Seingat saya peserta kemudian dibagi dalam dua kelompok: komisi program yang berbicara mengenai program WALHI tiga tahun mendatang, dan komisi organisasi yang mendiskusikan keanggotaan dan tata-kelola Walhi. Saya bergabung dalam komisi organisasi, dan mewakili komisi menyampaikan hasil sidang komisi ke sidang pleno PNLH. Masalah krusial yang dibahas dalam komisi organisasi adalah mengenai keanggotaan WALHI. Para peserta pertemuan menolak untuk membuat keanggotaan WALHI menjadi lebih formal dan terstruktur. Pertemuan memutuskan untuk tetap menggunakan istilah partisipan, dan bukan anggota WALHI. Memang kemudian ada masalah akuntabilitas dan keterwakilan yang pelik. Di kemudian hari salah seorang teman mengatakan WALHI itu seperti bus kota. Partisipan bisa naik dan turun di mana saja. Cilakanya penumpang itu tidak mau membayar karcis, namun ingin menentukan arah perjalanan bus kota itu.

Saya melaporkan hasil Komisi Organisasi di Sidang Pleno PNLH

Seperti pertemuan partai politik, walaupun ada pembicaraan mengenai masalah Lingkungan Hidup, perhatian peserta lebih banyak ditujukan pada pemilihan anggota Presidium dan Direktur Eksekutif. Jabatan Sekretaris Eksekutif yang dijabat Erna Witoelar dan dalam keputusan PNLH pertama merupakan bagian dari Presidium, pada PNLH kedua ini dipisahkan dari Presidium untuk memperjelas akuntabilitas Badan Eksekutif WALHI. Dalam pemilihan, Erna Witoelar sebagai calon tunggal terpilih kembali sebagai Direktur Eksekutif WALHI.

Pemilihan Presidium, sebagai pemegang mandat PNLH, lebih kompleks dibandingkan dengan pemilihan Direktur Eksekutif. PNLH perlu mempertimbangkan keterwakilan masing-masing kelompok organisasi (profesi, pencinta alam dan Ornop pembangunan/LPSM), serta keterwakilan daerah. Ada ketegangan terselubung antara Ornop Jawa dan Luar Jawa, dan ada kekhawatiran yang besar akan dominasi Ornop pembangunan dari Jakarta. Akhirnya sistem pemilihan dibuat berdasarkan perwakilan dari Jakarta dan pulau-pulau besar (Sumatera, jawa, Kalimantan, Sulawesi, Bali+Nusa Tenggara, dan Maluku+Irian Jaya). Karena jumlah peserta dari Jakarta cukup banyak, dan dengan pertimbangan kegiatan advokasi banyak dilakukan di Jakarta, maka perwakilan Jakarta disepakati sebanyak 4 orang, sedangkan masing-masing pulau besar diwakili oleh satu orang yang dipilih dari para peserta dari pulau yang bersangkutan.

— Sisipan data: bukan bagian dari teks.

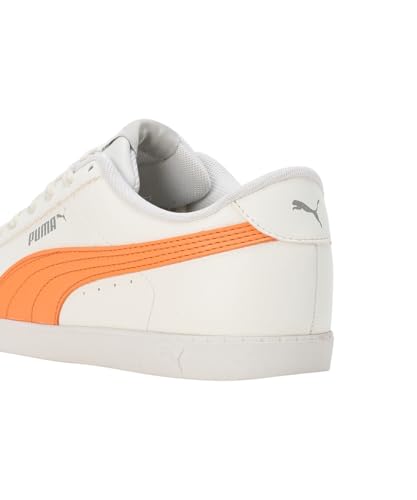 Image of Puma Women Propella Sneaker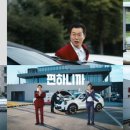 더싸고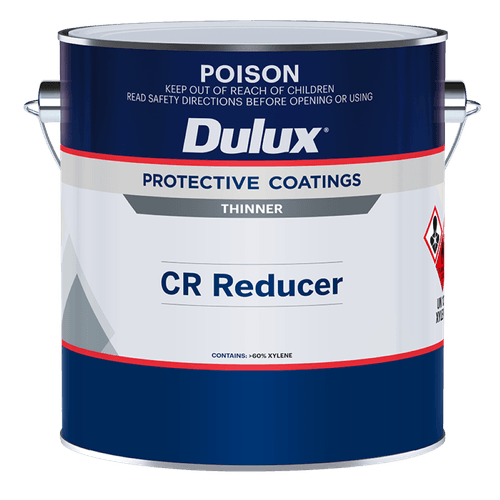Dulux CR Reducer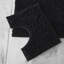 Modern 2 Piece Bathroom Rug Set Microfiber Chenille Bath Mat & Pedestal Mat Super Soft Non Slip Absorbent Washable-19840761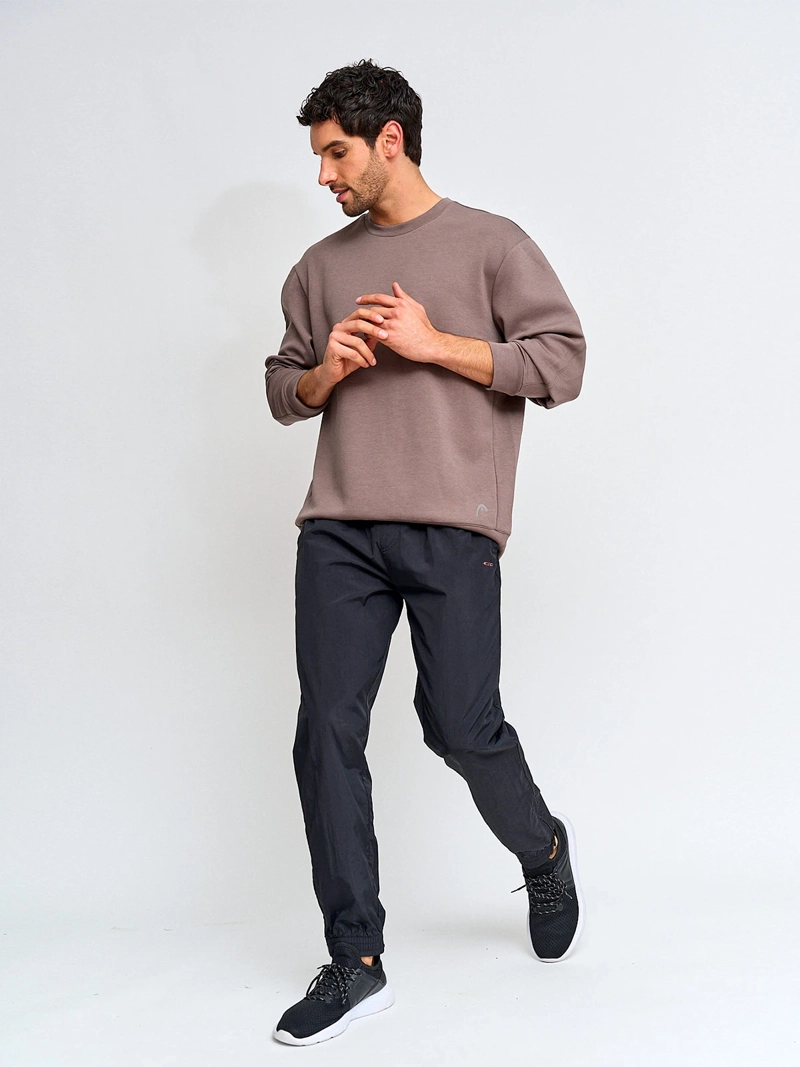 POLERA HOMBRE HEAD BODAL - 4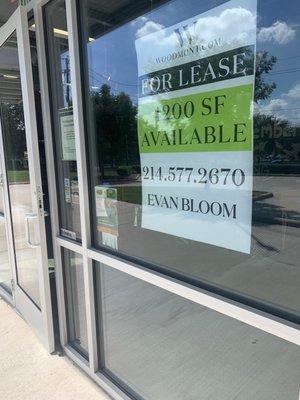 TITLE Boxing Club Allen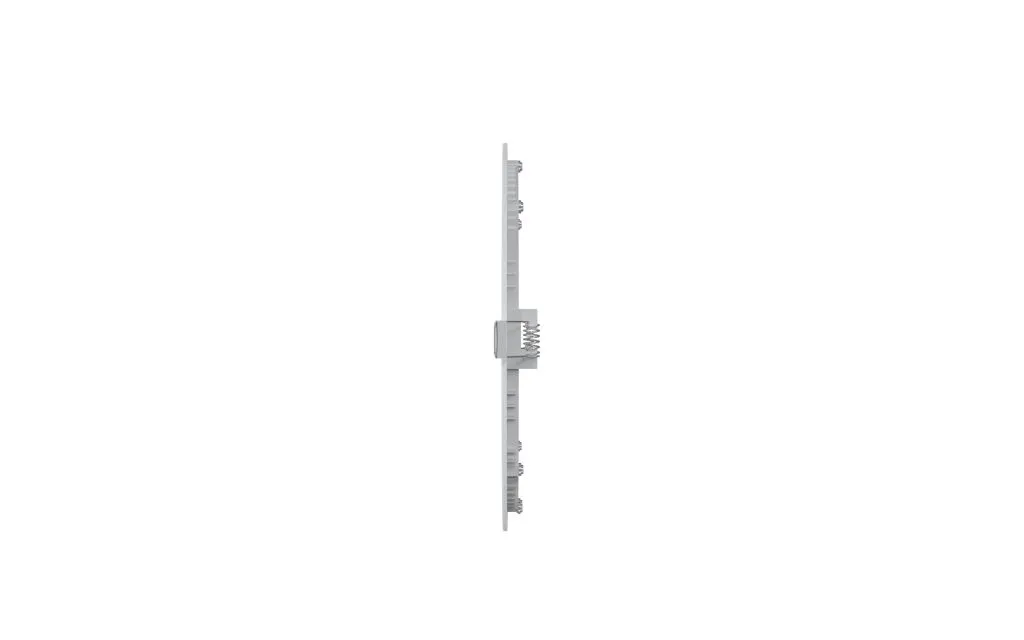Synergy 21 LED Ultra Slim LED Panel Light V6 15W dual white (CCT) Weiß 24V Synergy 21 LED Ultra Slim LED Panel Light V6 15W dual white (CCT) Weiß 24V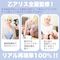 _tF@NVbN@iAX@蓮j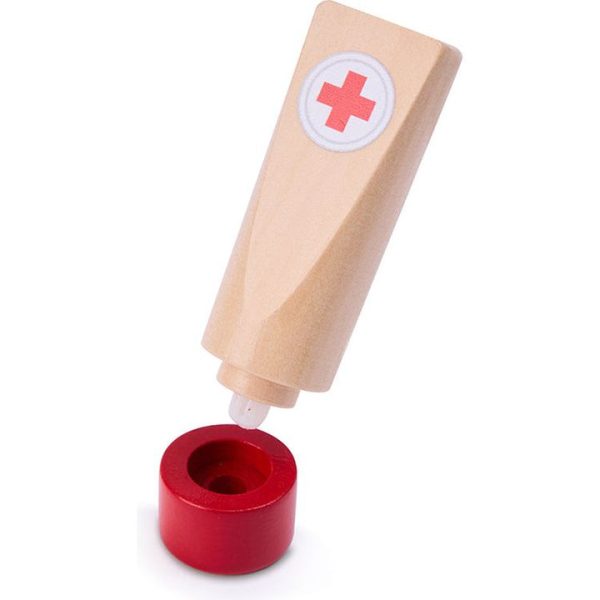 0c97df12-dd21-404d-aa41-d9e408617462_720x-5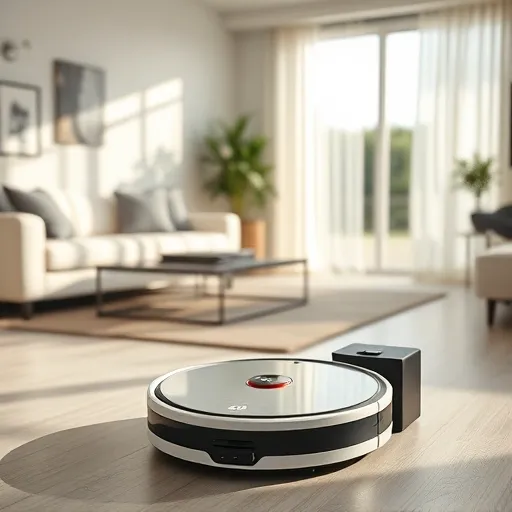 흡입부터 물걸레까지, LG 로봇청소기 AI 올인원의 진짜 능력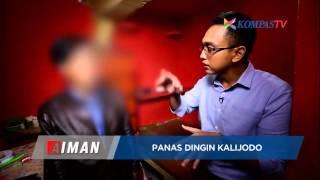 Menelusuri Prostitusi Kalijodo - AIMAN eps 57 bagian 2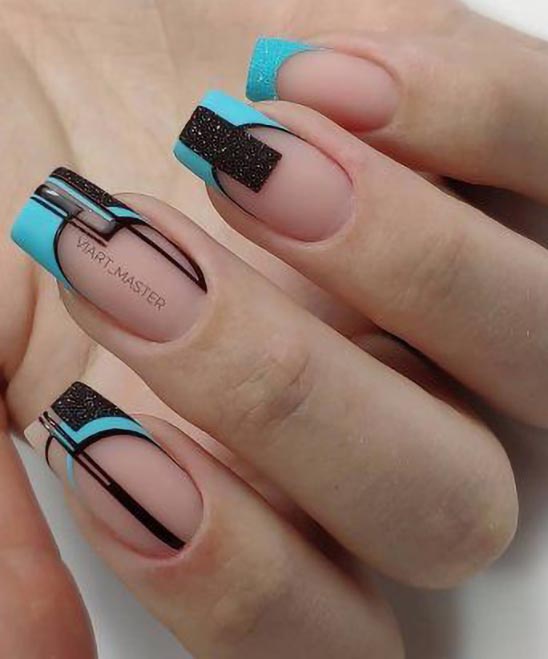 Square Ombre Nails.jpg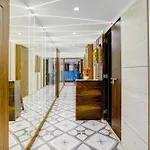 Hotel O Woodland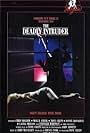 Deadly Intruder (1985)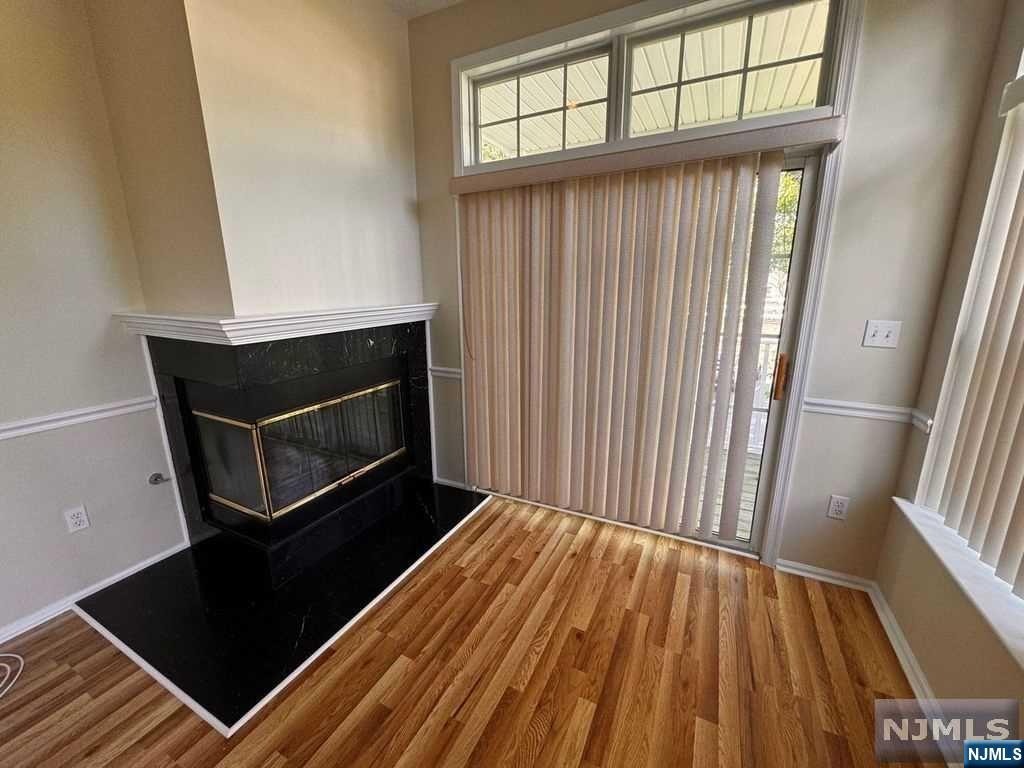 1038 Cambridge Court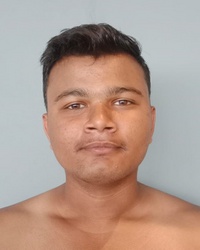 File:1478075.jpg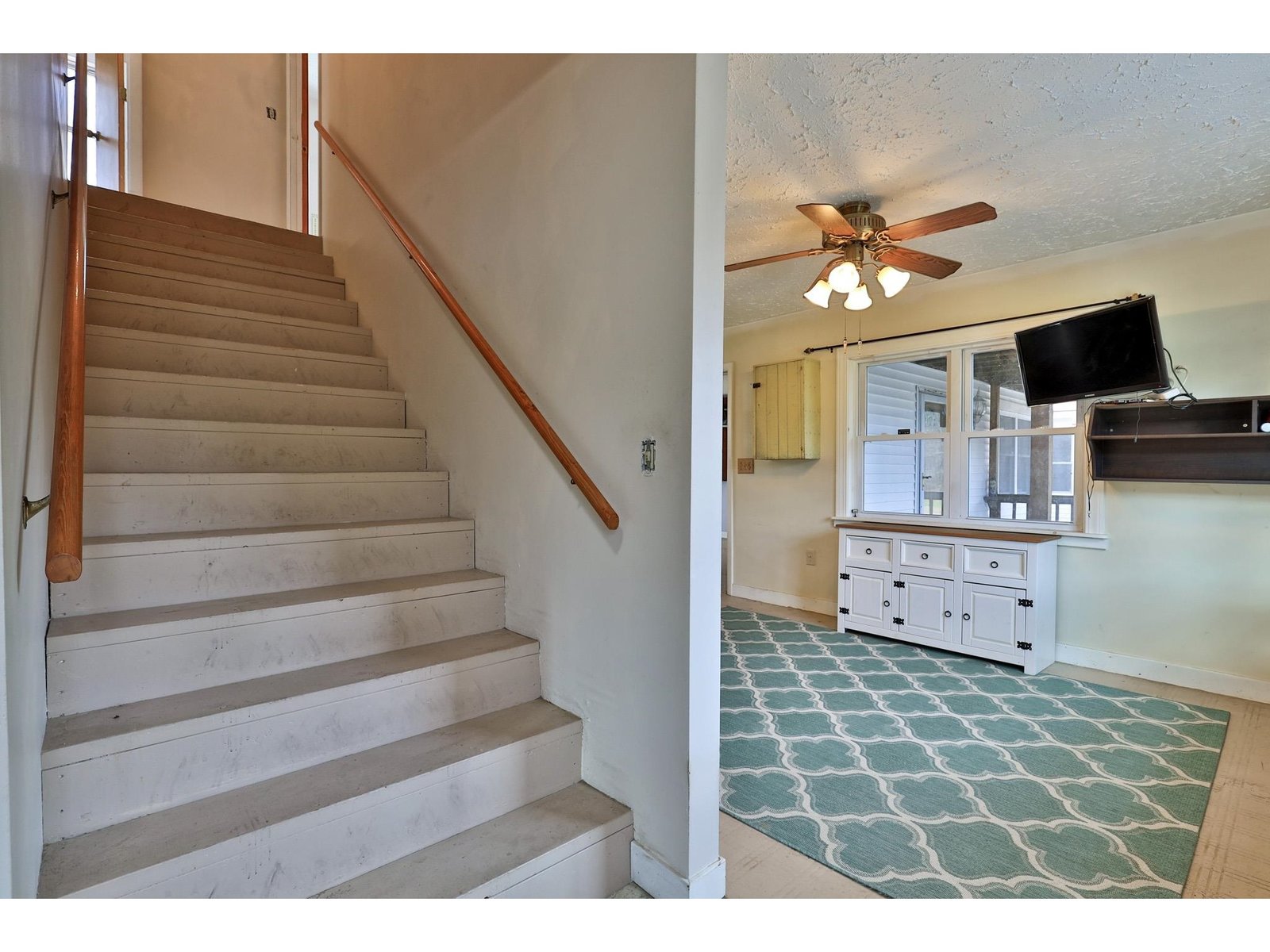 2140 Brandon Mountain Road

PKBI adalah salah satu Ornop pendiri WALHI. Soetjipto Wirosardjono (saya memanggilnya pak Cip), yang ketika itu menjabat Ketua Pengurus Nasional PKBI, terpilih sebagai anggota Presidium WALHI dalam PNLH pertama. Dalam PNLH kedua, beberapa Ornop Jakarta meminta agar ia bersedia dicalonkan kembali. Namun Pak Cip menolak. Saya berada di dekatnya ketika lobby tersebut dilakukan. Saya mewakili PKBI dalam PNLH tersebut, sedangkan pak Cip datang sebagai anggota Presidium WALHI. Saya ingat pak Cip mengatakan kepada mbak Erna Witoelar, bila PKBI memang diperlukan duduk sebagai anggota Presidium, maka saya bisa dipilih mewakili PKBI.

Saya cukup terkejut dengan pernyataan pak Cip tersebut, karena saya masih “anak kemarin sore” dalam dunia Ornop. Namun pak Cip memiliki kepercayaan yang sangat besar pada saya. Memang ada alasannya mengapa WALHI memerlukan PKBI. Pada saat itu PKBI merupakan Ornop tertua dan terbesar di Indonesia. Selain itu, PKBI juga memiliki fasilitas tempat pertemuan dan penginapan, baik di Jalan Hang Jebat Jakarta, maupun di beberapa ibukota Propinsi. Beberapa aktifis PKBI kemudian juga menjadi penggerak jaringan WALHI di daerah.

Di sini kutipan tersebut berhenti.